SQLite. It's a single file, no server to install, no permissions to configure. Comes built-in with Python, Ruby, and macOS; trivially installable elsewhere. The SQL dialect is close enough to PostgreSQL and MySQL that you'll port skills cleanly. Once you're comfortable with SELECT, JOIN, and aggregates in SQLite, switching to PostgreSQL takes a few hours of dialect adjustment.

Should I learn ORM (Prisma, Drizzle, SQLAlchemy) or raw SQL first?

Raw SQL first. ORMs hide the query plan and make it easy to write code that issues 100 queries when 1 would do (the N+1 problem). Once you understand what SQL the database is running, ORMs become productivity tools instead of black boxes. The strongest backend developers know both — write the SQL by hand for complex analytics; use the ORM for boring CRUD.

What's the difference between WHERE and HAVING?

WHERE filters rows before any aggregation happens; HAVING filters after GROUP BY aggregation. You can't use aggregate functions like COUNT(*) or SUM() in WHERE because the aggregate doesn't exist yet at that point in query execution. Pattern: use WHERE for row-level filters (status = 'paid'), HAVING for aggregate-level filters (COUNT(*) > 10).

When does a JOIN beat a subquery and vice versa?

JOINs usually beat subqueries on performance because the planner can optimize them more aggressively (hash joins, merge joins, parallelism). Subqueries are often clearer for "find rows where X has any matching Y" patterns, and the optimizer can sometimes flatten them into joins automatically. For correlated subqueries (subquery references outer query columns), JOINs are almost always faster.

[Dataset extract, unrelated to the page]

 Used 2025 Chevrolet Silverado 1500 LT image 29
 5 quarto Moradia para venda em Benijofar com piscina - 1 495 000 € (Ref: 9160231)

What's a window function and when do I need one?

Window functions let you compute a value across a "window" of rows related to the current row, without collapsing them via GROUP BY. Examples: running totals, ranking, moving averages, percentiles. Syntax: SUM(amount) OVER (PARTITION BY user_id ORDER BY date). They're indispensable for analytics queries — "rank users by total spend within their country" is trivial with RANK() OVER, ugly without.

Why doesn't `WHERE column = NULL` work?

Because NULL means "unknown," and "is unknown equal to unknown?" returns NULL (not true), so the row doesn't match. SQL has three-valued logic: TRUE, FALSE, and NULL. To check for null, use IS NULL or IS NOT NULL. Same applies to <> — WHERE column <> 'foo' excludes rows where column is NULL, which is often surprising. The fix is WHERE column <> 'foo' OR column IS NULL.

How do I avoid SQL injection?

Use parameterized queries (also called prepared statements) — never concatenate user input into SQL strings. In Node: pg.query('SELECT * FROM users WHERE id = $1', [userId]). In Python: cursor.execute('SELECT * FROM users WHERE id = %s', (user_id,)). The placeholder syntax differs by driver but the principle is the same: SQL and data travel separately, so no input can become executable SQL. ORMs do this for you automatically.

When should I add an index?

When you have a column you frequently filter or join on, and the table is large enough that scanning every row hurts. Indexes have a cost (slower writes, more disk space), so don't index every column. Common patterns: index foreign keys, index columns in WHERE and ORDER BY clauses, index columns used in JOIN conditions. Use EXPLAIN (or EXPLAIN ANALYZE in Postgres) to see what indexes the planner is using and where seq scans appear.